## MATERIAL FOR THIS TASK:
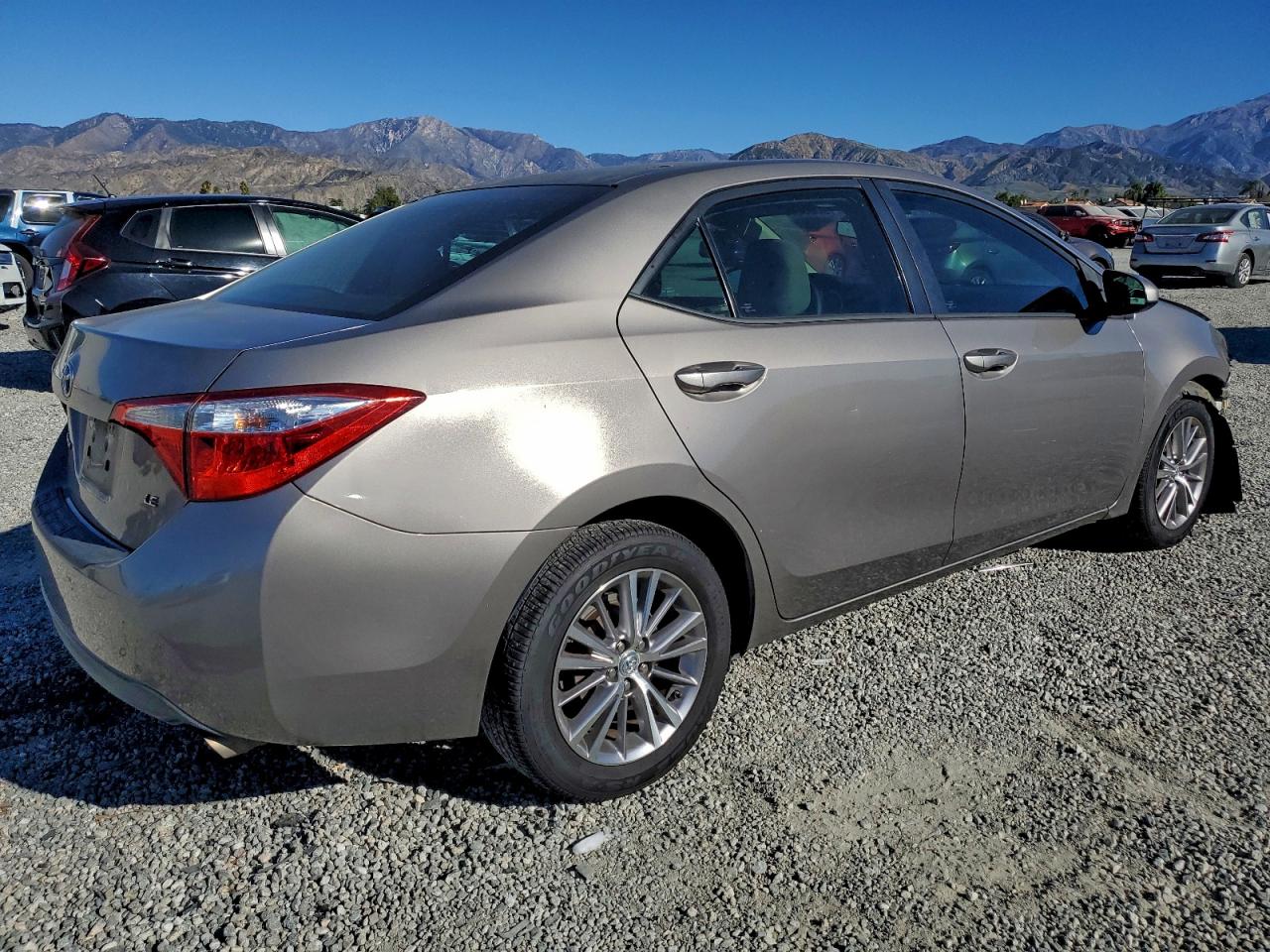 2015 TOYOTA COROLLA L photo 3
==
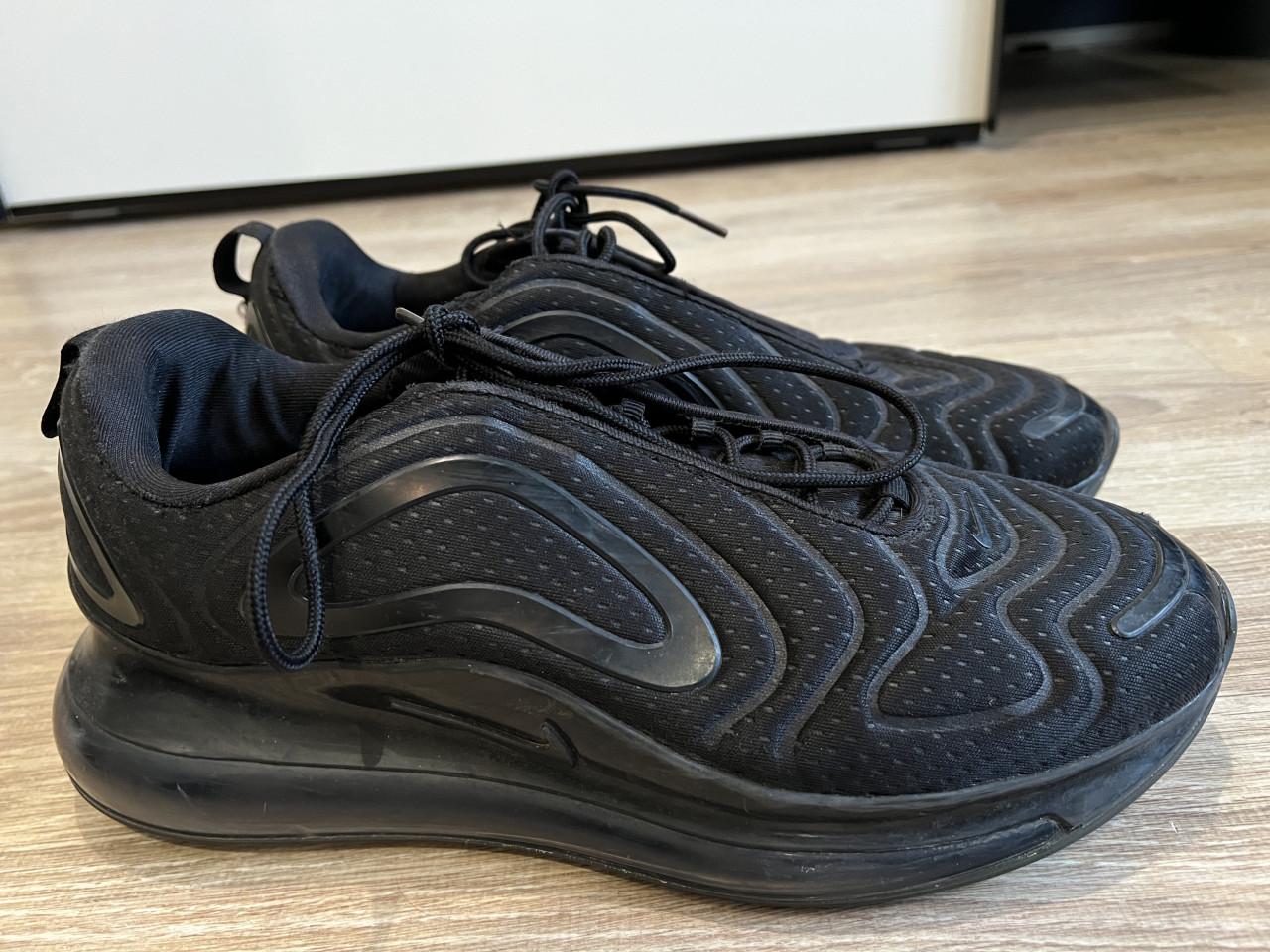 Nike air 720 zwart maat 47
...
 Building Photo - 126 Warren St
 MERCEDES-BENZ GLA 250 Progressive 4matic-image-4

## DIRECTIONS FOR THIS TASK:
Look through the data above and return exactly the lines from the one that contains "Building Photo - 126 Warren St" to the one that contains "MERCEDES-BENZ GLA 250", inclusive, with nothing else.

## EXERCISE RESULT:
 Building Photo - 126 Warren St
 MERCEDES-BENZ GLA 250 Progressive 4matic-image-4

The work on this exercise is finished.